To estimate VAMP with ash prior, we initialize the components as in Mr.ASH

ash_ncomp    = 10
ash_probc    = np.ones(ash_ncomp) / ash_ncomp
ash_meanc    = np.zeros(ash_ncomp)
ash_varc     = (4**(np.arange(ash_ncomp)/ash_ncomp) - 1)**2
ash_varc[0]  = 1e-4 
ash_mean_fix = np.ones(ash_ncomp)
ash_var_fix  = np.ones(ash_ncomp)

Run the solvers

max_iter = 100
emvamp_bhist, emvamp_mu, emvamp_beta = fit_em_vamp(X, y, max_iter = max_iter)
emvamp_rmse = get_rmse(Xtest, ytest, emvamp_bhist)

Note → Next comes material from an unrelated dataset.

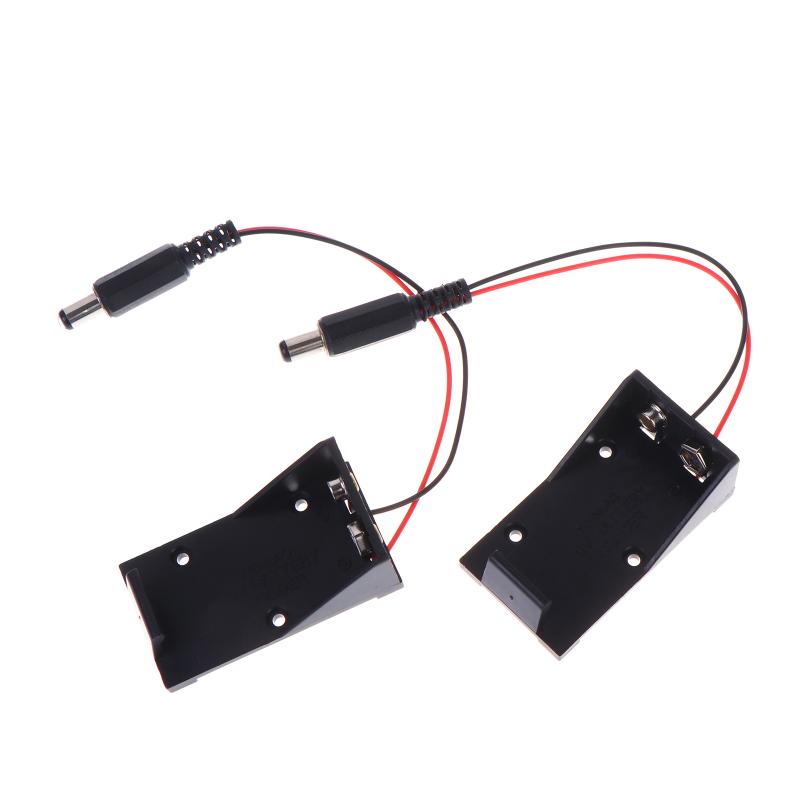 2 PCS 9V Battery Clip Holder Case Box With Wire Leads DIY Interface DIY Interfac Accessories
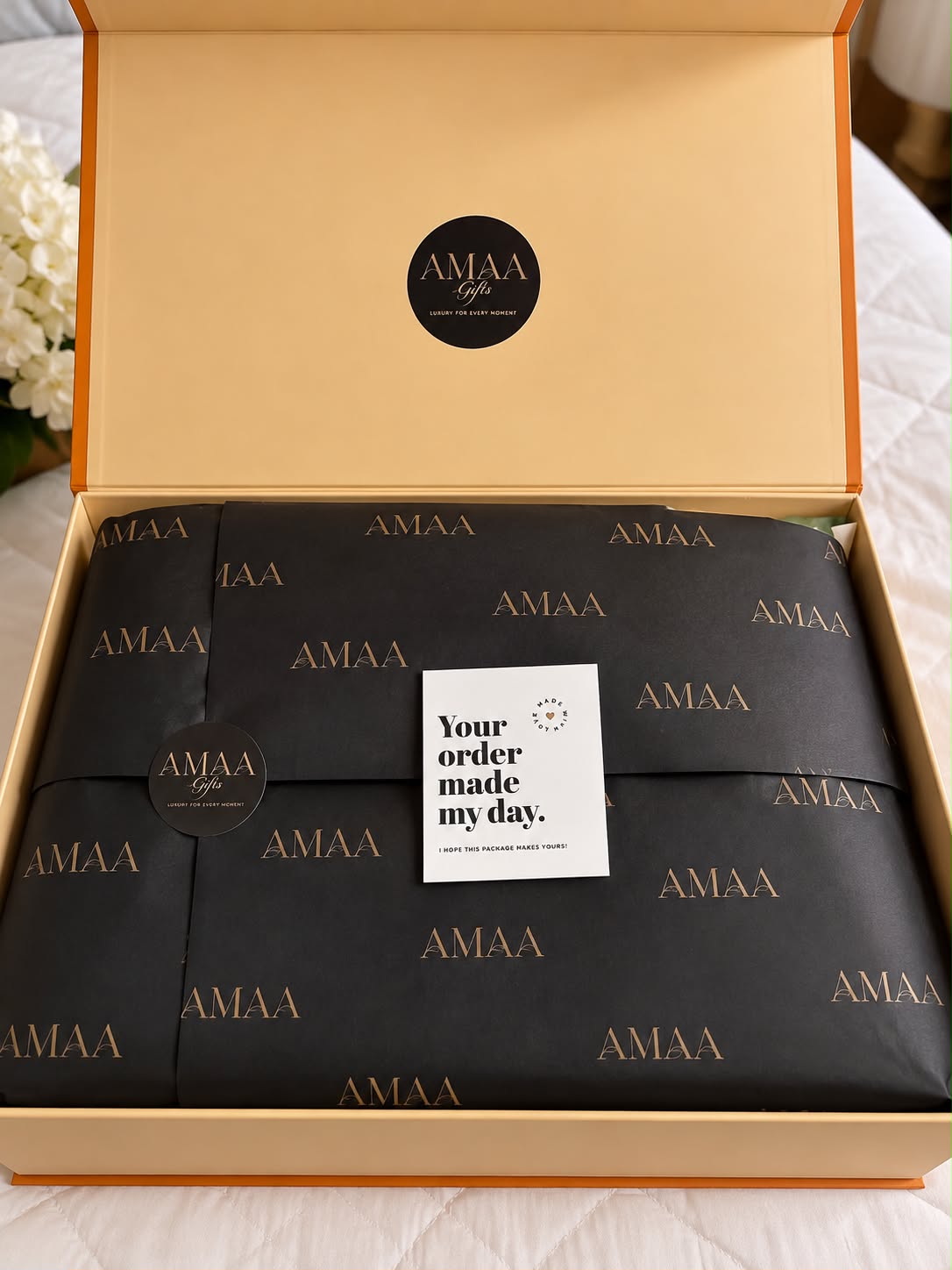AMAA Luxury Personalized Mom Gift Box — Large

print (f"Final RMSE (EM-VAMP): {emvamp_rmse[-1]:.3f}")

Final RMSE (EM-VAMP): 3.444

ash_emvamp_bhist, ash_emvamp_mu, ash_emvamp_beta = fit_em_vamp(X, y, max_iter = max_iter,
    probc = ash_probc, meanc = ash_meanc, varc  = ash_varc,
    mean_fix = ash_mean_fix, var_fix  = ash_var_fix)

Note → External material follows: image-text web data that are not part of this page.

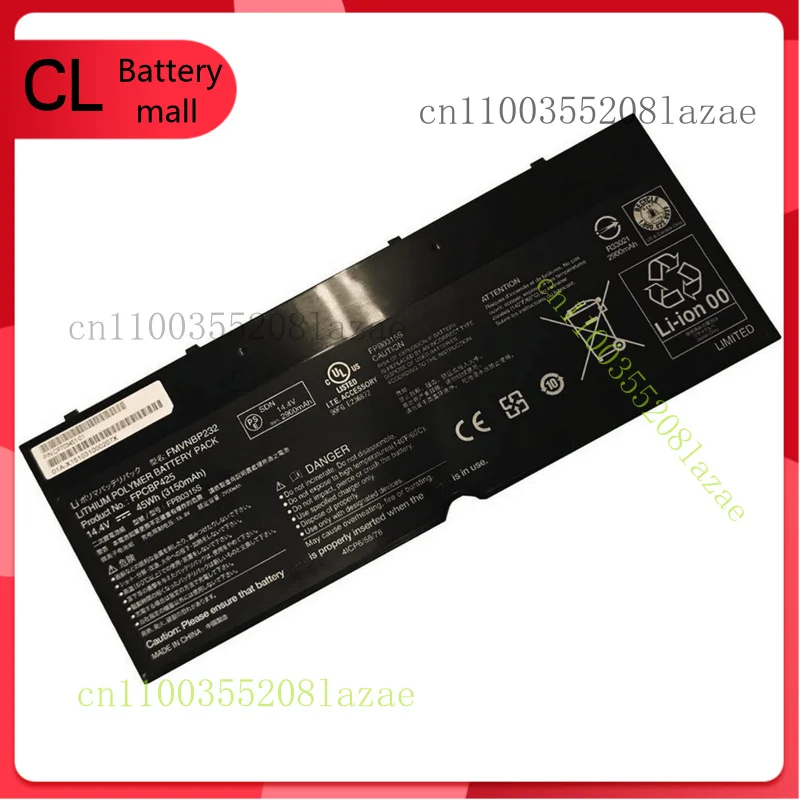 

New Genuine FPCBP425 FMVNBP232 Battery for Fujitsu LifeBook T904 T935 T936 U745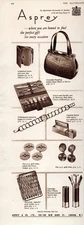 Asprey Gift Collection Print Ad 1953 Asprey & Co London Purse Jewelry Handbag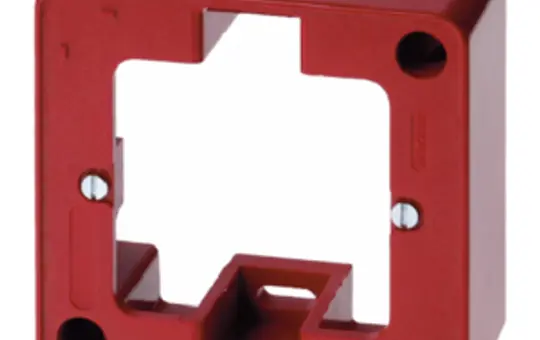 BERKER 10290062 surface-mounted frame Arsys 1-fold | shiny red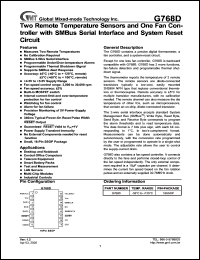 datasheet for G768D by 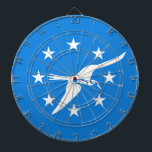 Dartboard with Flag of Corpus Christi City, USA<br><div class="desc">Elevate your game room with our exclusive dartboard featuring the flag of Corpus Christi! Crafted with meticulous attention to detail, this dartboard is more than just a gaming accessory; it’s a celebration of Corpus Christi’s vibrant spirit and coastal pride. The design prominently displays the iconic Corpus Christi flag, making this...</div>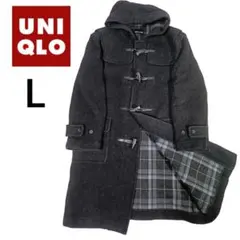 【希少 高品質】OLD UNIQLO ウール ダッフルコート ブラック Lサイズ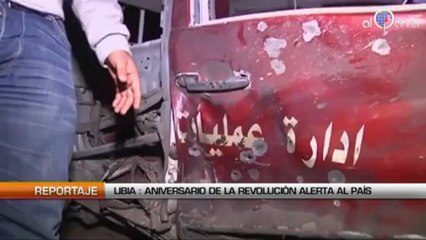 Libia: aniversario de la revolución alerta al país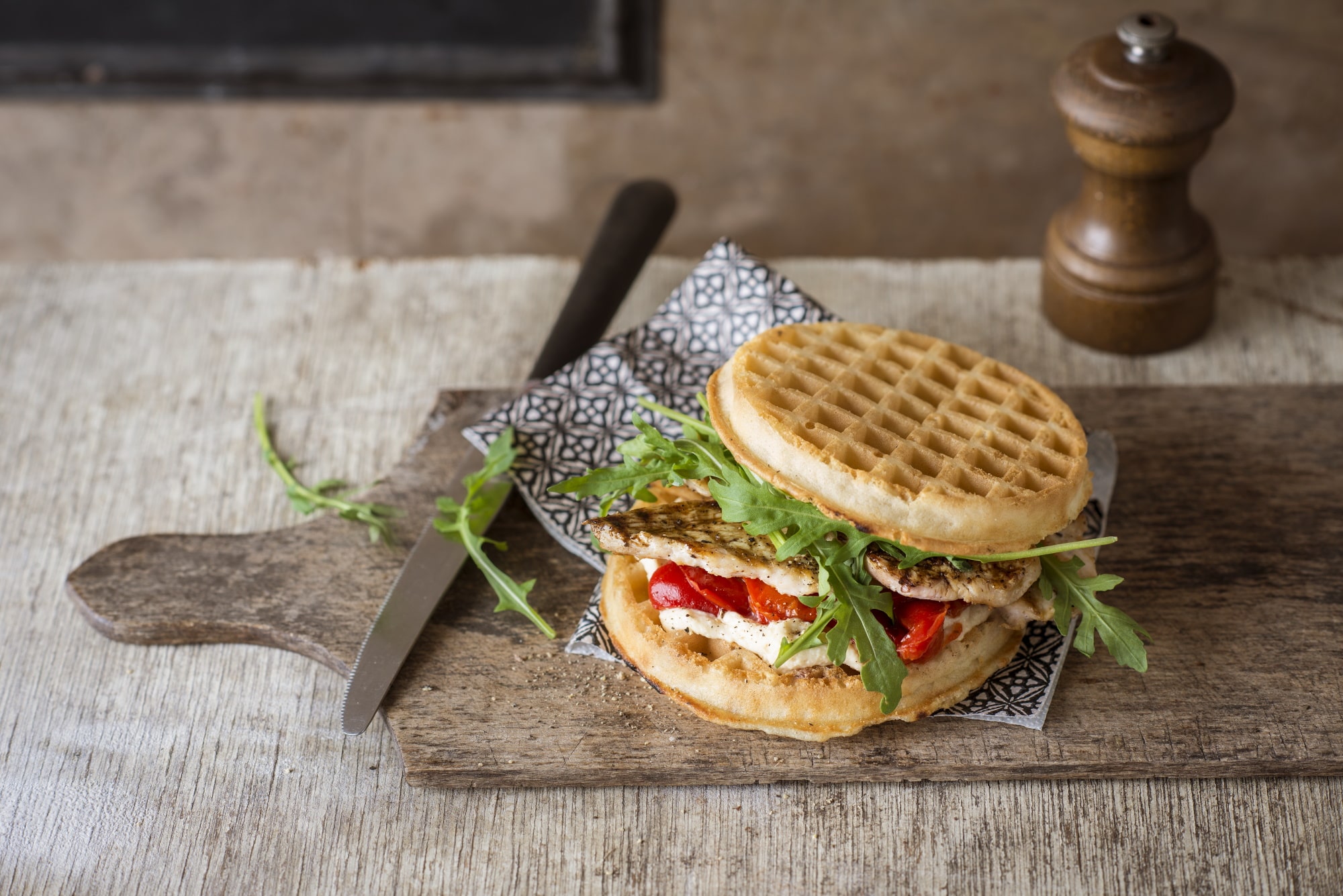 Patata Burger Goat Dried Tomatoes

ash_emvamp_rmse = get_rmse(Xtest, ytest, ash_emvamp_bhist)

print (f"Final RMSE (EM-VAMP-ASH): {ash_emvamp_rmse[-1]:.3f}")

Final RMSE (EM-VAMP-ASH): 3.453

View Results

We plot the two RMSE as a function of the iteration number

mpl_stylesheet.banskt_presentation(dpi = 72)

fig = plt.figure(figsize = (6, 6))
ax1 = fig.add_subplot(111)

xvals = np.log10(1 + np.arange(emvamp_rmse.shape[0]))

ax1.plot(xvals, np.log10(ash_emvamp_rmse / se), 'o-', alpha = 0.5)
ax1.plot(xvals, np.log10(emvamp_rmse / se), 's-', alpha = 0.5)
        
ax1.legend(['EM-VAMP (ash)', 'EM-VAMP'])
ax1.set_ylabel(r"Prediction Error (RMSE / $\sigma$)")
ax1.set_xlabel(r"Number of iterations")

ax1.tick_params(labelcolor = "#333333")
# Magic ticks Switch off if not using PyMir.
mpl_utils.set_yticks(ax1, kmin = 4, kmax = 6, scale = 'log10')
mpl_utils.set_xticks(ax1, kmin = 4, kmax = 6, scale = 'log10', spacing = 'log10')

plt.show()